### TO DO
Please set down only the lines below starting with the line with "Блокнот с принтом" and going on through the line with "Stylish interior image", verbatim and without pictures.

### PROVIDED INFORMATION
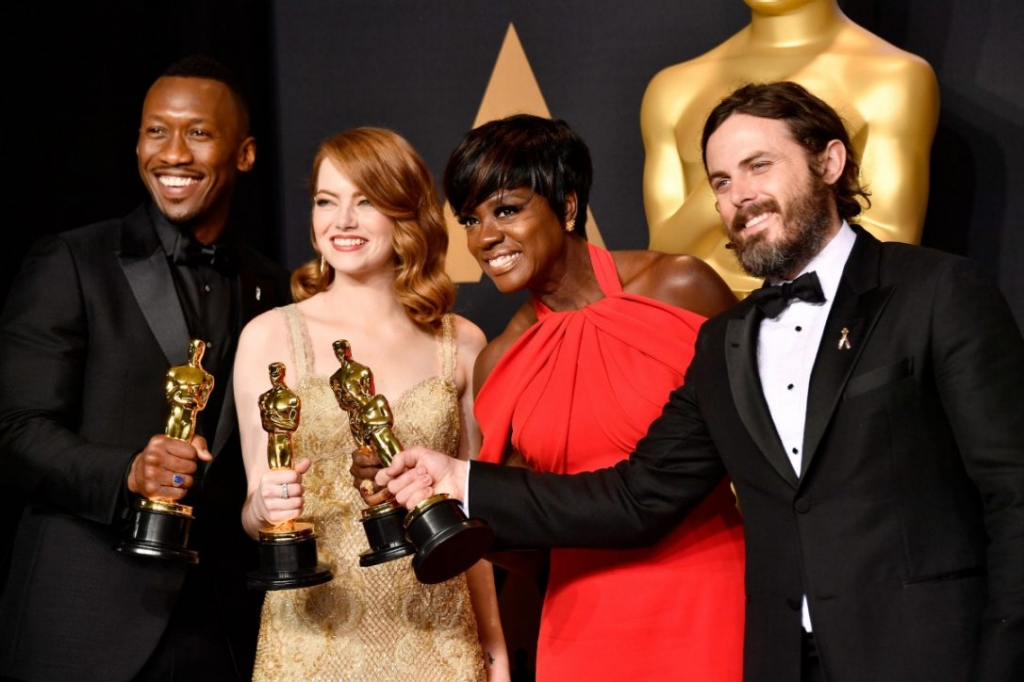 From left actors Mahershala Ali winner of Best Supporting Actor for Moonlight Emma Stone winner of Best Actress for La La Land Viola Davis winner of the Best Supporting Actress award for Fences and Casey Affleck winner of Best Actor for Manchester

---

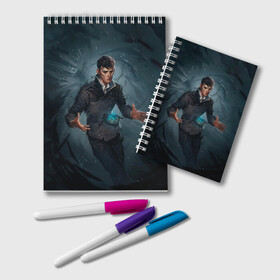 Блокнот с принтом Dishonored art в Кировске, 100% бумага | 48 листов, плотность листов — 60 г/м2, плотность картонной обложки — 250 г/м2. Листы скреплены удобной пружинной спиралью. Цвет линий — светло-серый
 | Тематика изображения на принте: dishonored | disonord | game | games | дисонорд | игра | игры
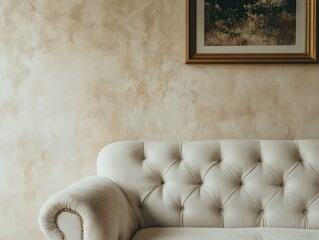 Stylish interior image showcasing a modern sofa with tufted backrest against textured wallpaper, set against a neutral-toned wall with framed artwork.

---

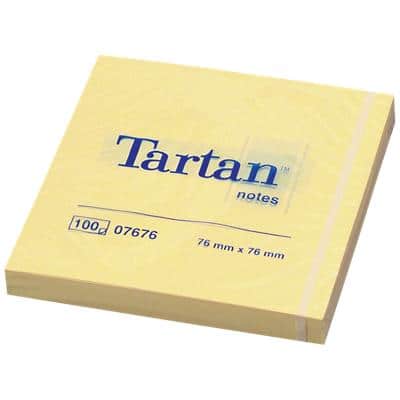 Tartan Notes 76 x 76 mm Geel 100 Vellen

### RESPONSE
 Блокнот с принтом Dishonored art в Кировске, 100% бумага | 48 листов, плотность листов — 60 г/м2, плотность картонной обложки — 250 г/м2. Листы скреплены удобной пружинной спиралью. Цвет линий — светло-серый
 | Тематика изображения на принте: dishonored | disonord | game | games | дисонорд | игра | игры
 Stylish interior image showcasing a modern sofa with tufted backrest against textured wallpaper, set against a neutral-toned wall with framed artwork.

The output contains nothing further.